The ftpsync script with its configuration file ftpsync.conf is used to mirror a debian package archive.

Clone the archvsync git repository or download the ftpsync.tar.gz from the debian mirror page, the ftpsync version used is 20160306.

The README and the comments in ftpsync.conf describe all the needed configuration to setup ftpsync. I had to make some modifications to the files ftpsync, common and ftpsync.conf to make it work on OmniOS. These modifications are described in the blog post: Debian mirror script “ftpsync” on OmniOS.

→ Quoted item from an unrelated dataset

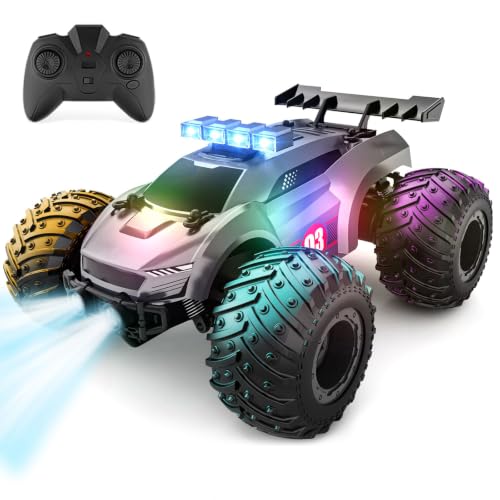 EpochAir 1:18 Remote Control Car 20km/h with 2 Rechargeable Battery 2.4GHz | All Terrain Off-Road Monster Truck with Bodylights&Headlights &Headlamps, Toy Car Gift for 3-12 Year Old Boys Girls Kids - color: Gray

I mirror the amd64 and i386 architectures from ftp.at.debian.org and security.debian.org with the configuration in ftpsync.conf and ftpsync-security.conf and the packages are mirrored to /storage/mirror/debian and /storage/mirror/security respectively.

The important parts in the config files are

• TO is the path to the destination of the mirrored files
• RSYNC_PATH is the rsync share to connect to
• RSYNC_HOST is the rsync host to connect to
• ARCH_INCLUDE the architectures to mirror

Call the ftpsync script with the argument sync:archive: and sync:archive:security to use the configuration from ftpsync.conf or ftpsync-security.conf config file respectively. This is done with crontab entries.

33 2       * * * /opt/ftpsync/bin/ftpsync sync:archive:
5  5,13,19 * * * /opt/ftpsync/bin/ftpsync sync:archive:security

Nginx

The basic nginx config is modified to serve the directory /storage/mirror and create a directory listing.

nginx.conf server directive

server {
        listen       80;
        server_name  mirror.domain.local;

        location / {
            root   /storage/mirror;
            index  index.html index.htm;
            try_files $uri $uri/ =404;
            autoindex on;
        }
}

On Debian machines modify /etc/apt/sources.list entries to use the hostname of the mirror.